◆ Extracted records
####
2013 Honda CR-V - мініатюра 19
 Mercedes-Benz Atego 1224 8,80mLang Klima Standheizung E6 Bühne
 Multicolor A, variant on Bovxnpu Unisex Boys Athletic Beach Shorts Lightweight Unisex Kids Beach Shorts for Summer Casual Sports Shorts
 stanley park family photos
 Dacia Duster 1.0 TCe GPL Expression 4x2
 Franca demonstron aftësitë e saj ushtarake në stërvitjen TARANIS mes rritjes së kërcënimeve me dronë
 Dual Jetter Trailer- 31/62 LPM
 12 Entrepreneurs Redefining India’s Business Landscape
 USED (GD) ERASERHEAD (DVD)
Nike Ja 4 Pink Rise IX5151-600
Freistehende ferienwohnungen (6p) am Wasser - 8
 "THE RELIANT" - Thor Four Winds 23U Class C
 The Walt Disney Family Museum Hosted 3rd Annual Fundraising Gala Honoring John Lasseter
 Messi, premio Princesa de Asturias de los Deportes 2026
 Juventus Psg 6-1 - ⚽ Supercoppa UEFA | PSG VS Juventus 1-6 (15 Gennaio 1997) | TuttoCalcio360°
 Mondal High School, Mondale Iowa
####
◆ Exercise prompt
Only the lines from the one with "Dual Jetter Trailer- 31/62 LPM" through the last line of the records belong in the answer, each copied exactly.

◆ Task response
 Dual Jetter Trailer- 31/62 LPM
 12 Entrepreneurs Redefining India’s Business Landscape
 USED (GD) ERASERHEAD (DVD)
Nike Ja 4 Pink Rise IX5151-600
Freistehende ferienwohnungen (6p) am Wasser - 8
 "THE RELIANT" - Thor Four Winds 23U Class C
 The Walt Disney Family Museum Hosted 3rd Annual Fundraising Gala Honoring John Lasseter
 Messi, premio Princesa de Asturias de los Deportes 2026
 Juventus Psg 6-1 - ⚽ Supercoppa UEFA | PSG VS Juventus 1-6 (15 Gennaio 1997) | TuttoCalcio360°
 Mondal High School, Mondale Iowa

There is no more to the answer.